Le 10 novembre 2017, l’exploitant de la centrale nucléaire de Belleville a déclaré à l’ASN un événement significatif pour la sûreté relatif au fonctionnement hors du domaine autorisé du circuit secondaire principal de la boucle 1 du réacteur n°1.

Le 9 octobre 2017, le réacteur n° 1 est en phase de redémarrage. Du fait de la concomitance de la mise à l’arrêt du réacteur n° 2, des modalités de conduite particulières sont mises en œuvre pour minimiser la consommation en eau des générateurs de vapeur.

Les générateurs de vapeur constituent l’un des moyens d’évacuer la chaleur de l’eau du circuit primaire, par son échange, au travers de tubes, avec l’eau du circuit secondaire. L’enveloppe des générateurs de vapeur contenant l’eau du secondaire, les canalisations qui leur sont rattachées pour l’alimentation en eau et l’évacuation de la vapeur, ainsi que leurs organes d’isolement, constituent le circuit secondaire principal. L’intégrité de ce circuit est l’une des lignes de défense participant au confinement de la radioactivité. Elle serait sollicitée en cas d’inétanchéité des tubes des générateurs de vapeur.

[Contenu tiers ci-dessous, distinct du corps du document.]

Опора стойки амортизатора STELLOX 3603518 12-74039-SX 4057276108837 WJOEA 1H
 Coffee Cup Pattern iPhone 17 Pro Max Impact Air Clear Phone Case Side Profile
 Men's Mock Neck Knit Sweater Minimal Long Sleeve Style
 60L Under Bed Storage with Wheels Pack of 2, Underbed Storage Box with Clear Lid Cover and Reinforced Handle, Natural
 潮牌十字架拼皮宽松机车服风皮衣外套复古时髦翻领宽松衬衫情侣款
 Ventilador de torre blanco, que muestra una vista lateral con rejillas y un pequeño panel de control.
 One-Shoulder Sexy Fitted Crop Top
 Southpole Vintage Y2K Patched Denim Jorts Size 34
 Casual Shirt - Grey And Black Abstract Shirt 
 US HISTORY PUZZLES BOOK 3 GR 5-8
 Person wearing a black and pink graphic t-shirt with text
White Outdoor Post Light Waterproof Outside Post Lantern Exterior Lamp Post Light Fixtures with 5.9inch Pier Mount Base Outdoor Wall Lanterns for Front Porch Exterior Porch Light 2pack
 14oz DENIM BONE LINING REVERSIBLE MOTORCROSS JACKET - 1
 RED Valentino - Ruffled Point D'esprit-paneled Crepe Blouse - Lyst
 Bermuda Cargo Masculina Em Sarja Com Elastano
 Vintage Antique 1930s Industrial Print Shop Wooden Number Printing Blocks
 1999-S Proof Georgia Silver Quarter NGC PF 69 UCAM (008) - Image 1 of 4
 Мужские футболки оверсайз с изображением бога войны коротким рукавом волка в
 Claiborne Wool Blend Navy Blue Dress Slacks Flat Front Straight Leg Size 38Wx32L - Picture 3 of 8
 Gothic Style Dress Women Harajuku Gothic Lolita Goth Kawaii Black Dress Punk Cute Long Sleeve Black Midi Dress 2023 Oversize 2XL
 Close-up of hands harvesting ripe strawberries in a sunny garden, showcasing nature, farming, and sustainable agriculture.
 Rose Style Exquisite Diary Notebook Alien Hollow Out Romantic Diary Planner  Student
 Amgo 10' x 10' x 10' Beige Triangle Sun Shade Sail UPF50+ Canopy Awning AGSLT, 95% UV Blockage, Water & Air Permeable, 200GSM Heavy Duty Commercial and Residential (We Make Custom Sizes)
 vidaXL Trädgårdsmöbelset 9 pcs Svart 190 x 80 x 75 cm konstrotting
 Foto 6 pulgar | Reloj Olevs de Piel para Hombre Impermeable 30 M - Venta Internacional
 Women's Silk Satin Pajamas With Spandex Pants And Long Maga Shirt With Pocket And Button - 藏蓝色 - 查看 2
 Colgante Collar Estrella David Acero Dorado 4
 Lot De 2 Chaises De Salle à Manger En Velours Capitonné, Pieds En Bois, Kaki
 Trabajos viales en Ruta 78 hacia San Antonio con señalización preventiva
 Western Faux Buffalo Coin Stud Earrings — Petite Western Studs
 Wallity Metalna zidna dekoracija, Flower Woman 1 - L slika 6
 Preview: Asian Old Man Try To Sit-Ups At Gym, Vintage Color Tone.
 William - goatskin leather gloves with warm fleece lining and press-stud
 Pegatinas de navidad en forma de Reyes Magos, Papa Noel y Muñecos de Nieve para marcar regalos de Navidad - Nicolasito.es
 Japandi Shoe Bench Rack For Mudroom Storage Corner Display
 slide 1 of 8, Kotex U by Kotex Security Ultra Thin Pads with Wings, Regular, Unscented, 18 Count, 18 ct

A la conception de l’installation, les conditions de fonctionnement des équipements constituant le circuit secondaire principal ont été analysées. Un domaine de fonctionnement au-delà duquel des vérifications des équipements sont nécessaires a en particulier été défini.

Dans la soirée du 9 octobre, lors d’une phase de réalimentation du générateur de vapeur n°1, l’équipe de conduite est alertée par des bruits en provenance des tuyauteries du circuit secondaire principal rattachées au générateur de vapeur n°1. Après un premier examen de l’événement, l’exploitant n’identifie pas la nécessité de procéder à des contrôles particuliers de l’installation. Le redémarrage du réacteur a donc été poursuivi, sans information particulière de l’ASN.

A la fin du mois d’octobre, les analyses menées a posteriori par l’exploitant ont cependant montré que les bruits perçus le 9 octobre avaient pour origine des chocs thermo-hydrauliques de type « coups de béliers » dans le circuit secondaire principal de la boucle n° 1. Elles ont également permis de détecter qu’un autre coup de bélier avait eu lieu le 10 octobre. Ces coups de béliers sont dus à des non-respects des consignes de conduite en matière d’alimentation en eau des générateurs de vapeur. Ils auraient dû donner lieu à des vérifications des équipements concernés.

Ces vérifications, dont le programme a été transmis au préalable à l’ASN, ont été effectuées a posteriori par EDF le 9 novembre. Elles n’ont pas révélé d’anomalies.

L’évènement n’a pas eu de conséquence sur le personnel et l’environnement de l’installation.

En raison du délai important qui s’est écoulé avant que l’exploitant n’identifie la nécessité de procéder à des vérifications supplémentaires et du non-respect des consignes de conduite applicables en matière d’alimentation des générateurs de vapeur, l’évènement a été classé au niveau 1 de l’échelle internationale des évènements nucléaires INES.